How to Determine Height of Cabinet or Closet
When we build to the ceiling, we usually stop our cabinets and organization systems about 2-5 inches shy of the ceiling and cover the gap using crown moulding. The amount of space you need to leave open will depend on the size and profile of the crown you select. The moulding is installed on-site after the cabinets are in place. It is relatively easy to adjust the moulding to conform to a slightly slanted ceiling. If the ceiling has dips, it is easier to scribe the moulding rather than the cabinet. Cabinets and closet systems are usually cut in a factory to exact measurements and will always be at exactly 90-degree angle from the floor (If the floor is irregular, use shims).
If ceiling irregularities are slight, you can caulk rather than scribe the moulding. If irregularities are quite severe, do not build your storage system flush to the ceiling. It is better to design your cabinets a little shorter. Leave an intentional space of 2 or more inches between the top of the moulding and the ceiling. This gap will draw less attention to a severe irregular pitch than any attempt to caulk or scribe.
For more information on measuring, please consult our Measuring Guidelines page.
How to Install Crown Moulding on Top of a Cabinet or Closet
There are two ways to install crown moulding depending on whether you are working with a suspension rail or other system for securing the storage system to the wall and studs.
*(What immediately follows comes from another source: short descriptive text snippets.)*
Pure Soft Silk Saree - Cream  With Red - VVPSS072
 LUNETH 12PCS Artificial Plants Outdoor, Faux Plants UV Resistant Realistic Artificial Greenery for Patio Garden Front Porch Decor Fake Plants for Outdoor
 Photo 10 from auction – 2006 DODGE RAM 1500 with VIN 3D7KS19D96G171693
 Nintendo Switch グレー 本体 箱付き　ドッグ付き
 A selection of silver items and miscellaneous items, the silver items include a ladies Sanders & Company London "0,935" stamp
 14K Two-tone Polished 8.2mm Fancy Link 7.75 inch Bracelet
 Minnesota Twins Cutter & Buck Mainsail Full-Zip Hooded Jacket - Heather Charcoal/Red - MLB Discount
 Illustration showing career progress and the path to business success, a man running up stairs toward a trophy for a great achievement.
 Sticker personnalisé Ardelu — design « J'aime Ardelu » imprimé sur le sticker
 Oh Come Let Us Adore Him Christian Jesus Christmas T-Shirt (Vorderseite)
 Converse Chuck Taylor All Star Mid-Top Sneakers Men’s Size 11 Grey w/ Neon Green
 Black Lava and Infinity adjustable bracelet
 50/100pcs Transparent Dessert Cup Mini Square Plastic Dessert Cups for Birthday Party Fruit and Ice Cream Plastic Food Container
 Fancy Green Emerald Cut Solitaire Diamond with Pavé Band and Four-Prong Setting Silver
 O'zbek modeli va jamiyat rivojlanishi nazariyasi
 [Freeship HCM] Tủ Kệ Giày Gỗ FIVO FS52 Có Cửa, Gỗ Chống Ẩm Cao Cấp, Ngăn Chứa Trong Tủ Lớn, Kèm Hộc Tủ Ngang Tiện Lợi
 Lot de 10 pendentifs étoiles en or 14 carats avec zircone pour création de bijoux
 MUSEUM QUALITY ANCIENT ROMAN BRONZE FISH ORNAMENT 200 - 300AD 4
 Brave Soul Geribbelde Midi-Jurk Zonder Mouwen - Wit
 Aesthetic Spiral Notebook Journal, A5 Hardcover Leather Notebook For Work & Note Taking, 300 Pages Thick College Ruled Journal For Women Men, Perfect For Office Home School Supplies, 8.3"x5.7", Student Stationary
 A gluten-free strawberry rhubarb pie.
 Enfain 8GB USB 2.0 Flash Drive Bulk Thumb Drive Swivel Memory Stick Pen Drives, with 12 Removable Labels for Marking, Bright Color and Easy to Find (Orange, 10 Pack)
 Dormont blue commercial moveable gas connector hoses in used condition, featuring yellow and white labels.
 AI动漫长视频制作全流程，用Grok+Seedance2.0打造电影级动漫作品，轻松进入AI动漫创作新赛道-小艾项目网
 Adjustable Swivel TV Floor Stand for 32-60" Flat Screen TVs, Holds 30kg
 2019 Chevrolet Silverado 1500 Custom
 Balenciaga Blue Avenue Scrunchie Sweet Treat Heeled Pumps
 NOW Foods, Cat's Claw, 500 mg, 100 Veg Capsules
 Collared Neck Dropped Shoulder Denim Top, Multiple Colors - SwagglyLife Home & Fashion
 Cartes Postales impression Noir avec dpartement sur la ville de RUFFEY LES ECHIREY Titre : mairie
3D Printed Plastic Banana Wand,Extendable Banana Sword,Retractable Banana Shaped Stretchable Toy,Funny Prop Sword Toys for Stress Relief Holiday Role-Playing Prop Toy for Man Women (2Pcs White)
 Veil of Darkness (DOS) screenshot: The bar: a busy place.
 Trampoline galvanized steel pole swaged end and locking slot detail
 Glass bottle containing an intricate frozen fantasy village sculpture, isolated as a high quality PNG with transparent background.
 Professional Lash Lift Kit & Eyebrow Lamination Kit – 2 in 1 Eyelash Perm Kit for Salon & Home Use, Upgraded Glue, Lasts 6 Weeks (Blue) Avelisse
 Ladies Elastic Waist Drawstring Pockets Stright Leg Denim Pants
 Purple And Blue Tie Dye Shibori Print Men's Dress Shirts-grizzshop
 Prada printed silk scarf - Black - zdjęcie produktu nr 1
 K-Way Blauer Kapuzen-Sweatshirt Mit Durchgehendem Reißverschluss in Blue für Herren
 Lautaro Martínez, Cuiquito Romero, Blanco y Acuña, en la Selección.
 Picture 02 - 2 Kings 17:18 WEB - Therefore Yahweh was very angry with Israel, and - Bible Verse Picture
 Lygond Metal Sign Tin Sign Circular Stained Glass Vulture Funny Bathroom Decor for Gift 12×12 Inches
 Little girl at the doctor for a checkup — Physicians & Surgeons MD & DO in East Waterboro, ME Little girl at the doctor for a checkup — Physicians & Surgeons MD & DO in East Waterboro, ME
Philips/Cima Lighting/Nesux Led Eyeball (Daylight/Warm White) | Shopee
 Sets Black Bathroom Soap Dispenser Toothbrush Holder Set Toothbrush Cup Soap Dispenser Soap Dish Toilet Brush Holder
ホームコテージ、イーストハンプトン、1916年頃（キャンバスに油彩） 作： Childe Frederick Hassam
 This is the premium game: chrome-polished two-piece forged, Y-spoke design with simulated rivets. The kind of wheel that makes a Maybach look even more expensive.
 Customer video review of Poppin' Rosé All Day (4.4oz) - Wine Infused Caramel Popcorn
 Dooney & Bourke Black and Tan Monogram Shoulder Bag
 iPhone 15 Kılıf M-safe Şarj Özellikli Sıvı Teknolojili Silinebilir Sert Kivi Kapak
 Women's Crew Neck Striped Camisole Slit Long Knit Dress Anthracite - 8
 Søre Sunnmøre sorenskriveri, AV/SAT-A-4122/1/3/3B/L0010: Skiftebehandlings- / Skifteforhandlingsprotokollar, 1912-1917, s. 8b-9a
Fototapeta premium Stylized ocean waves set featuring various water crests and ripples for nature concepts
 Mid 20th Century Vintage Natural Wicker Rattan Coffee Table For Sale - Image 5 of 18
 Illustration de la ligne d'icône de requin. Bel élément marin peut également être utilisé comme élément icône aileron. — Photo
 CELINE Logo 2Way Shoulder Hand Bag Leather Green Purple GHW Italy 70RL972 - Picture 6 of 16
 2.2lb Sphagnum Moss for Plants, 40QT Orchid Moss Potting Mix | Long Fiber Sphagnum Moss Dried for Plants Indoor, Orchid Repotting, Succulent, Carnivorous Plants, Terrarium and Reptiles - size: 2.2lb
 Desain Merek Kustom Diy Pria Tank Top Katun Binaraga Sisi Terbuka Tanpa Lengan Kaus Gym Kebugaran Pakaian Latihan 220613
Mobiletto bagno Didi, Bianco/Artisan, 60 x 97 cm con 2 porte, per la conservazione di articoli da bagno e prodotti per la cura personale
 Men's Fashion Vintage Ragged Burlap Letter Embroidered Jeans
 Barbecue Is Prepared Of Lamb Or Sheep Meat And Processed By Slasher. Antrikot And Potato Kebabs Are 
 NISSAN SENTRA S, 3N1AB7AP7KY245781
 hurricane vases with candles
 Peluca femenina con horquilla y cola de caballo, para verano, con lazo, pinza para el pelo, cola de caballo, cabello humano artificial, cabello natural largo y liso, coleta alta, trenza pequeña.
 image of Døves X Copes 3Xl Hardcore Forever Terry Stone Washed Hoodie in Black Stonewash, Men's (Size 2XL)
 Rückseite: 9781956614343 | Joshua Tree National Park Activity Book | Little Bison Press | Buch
Cabinets and Closets with a Suspension RailIn order to hide the rail and suspension brackets, 4-inch crown must be used. To hide the rail that supports the closet or cabinet, design the vertical panels to extend 4-inches above the rail. The top shelf or top of the cabinet should sit just below the rail. Attach a cleat to the top front of the storage system, hiding the rail from view. Nail the crown to the front edge of the vertical panels and cleat using pin nails.
Use an L-Valance for Cabinets and Closets without a Suspension RailIf hiding a suspension rail is not a concern, use the L-valance method to install your crown moulding. With this method, the top of the cabinet runs to the top edge of the vertical panels, just as with a piece of furniture. Make an L-shaped valance out of two wooden cleats. The front of the “L” should extend 1/8-inch below the bottom of the “L.” (See diagram below). Attach the horizontal part of the “L” to the top of your cabinet. Push your crown moulding to the ceiling and attach to the vertical part of the “L.”
If you want a very modern look, use flat crown. Flat crown is basically a wooden cleat/piece of wood that is similar to but thinner than the standard 2×4. You will get a better result with your flat crown if your stair step two or more smaller pieces of flat crown. Scribe or caulk to the ceiling if you don’t want to see any gap.
It takes a little more time to install a closet or cabinet with crown moulding, but the result is worth the effort. Your cabinet or closet will have the look of a fine piece of built-in furniture. You will also gain more storage by extending beyond the standard 84-inch closet system. Whether you are going for looks or simple practicality, you’re sure to win when you design your closets and cabinets to the ceiling using crown moulding.